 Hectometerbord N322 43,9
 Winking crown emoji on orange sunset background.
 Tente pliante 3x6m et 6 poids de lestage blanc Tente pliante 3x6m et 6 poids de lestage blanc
....
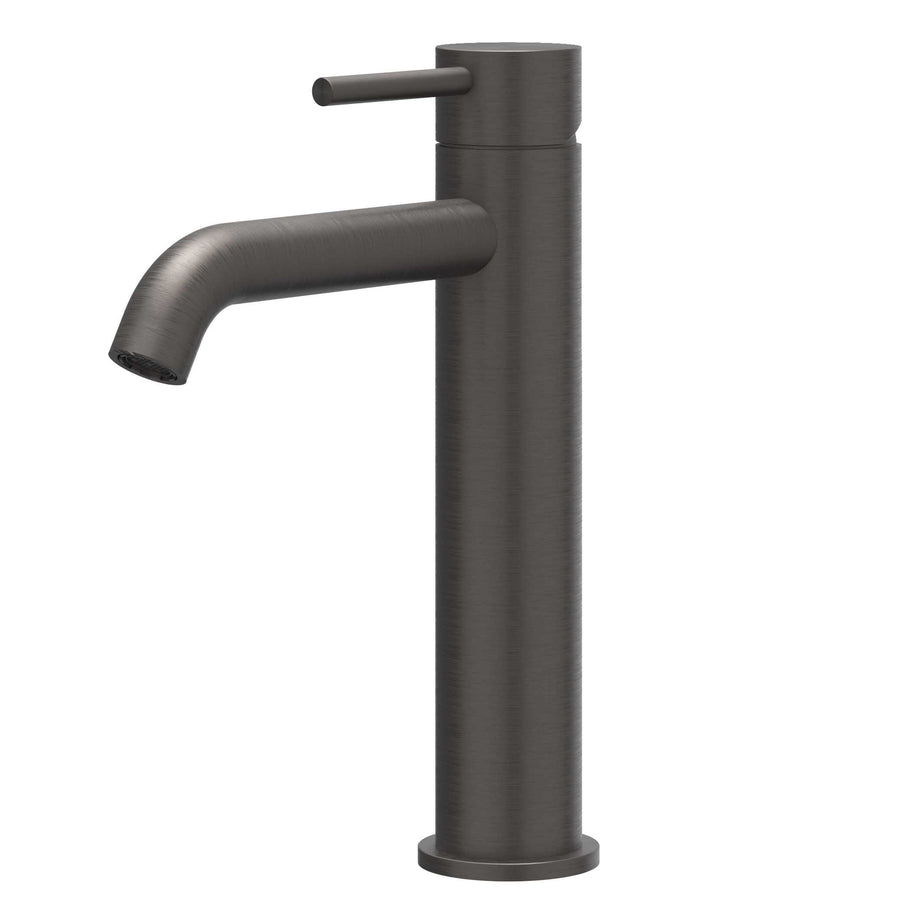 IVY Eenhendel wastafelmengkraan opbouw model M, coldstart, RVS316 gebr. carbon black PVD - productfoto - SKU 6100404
....
• **DESCRIPTION OF THE TASK**
The lines above, starting at the one with "Hectometerbord N322 43,9" and ending at the one with "Tente pliante 3x6m et 6 poids de lestage blanc Tente", are the only ones to return, exactly as written.

• **RESPONSE TO THE EXERCISE**
 Hectometerbord N322 43,9
 Winking crown emoji on orange sunset background.
 Tente pliante 3x6m et 6 poids de lestage blanc Tente pliante 3x6m et 6 poids de lestage blanc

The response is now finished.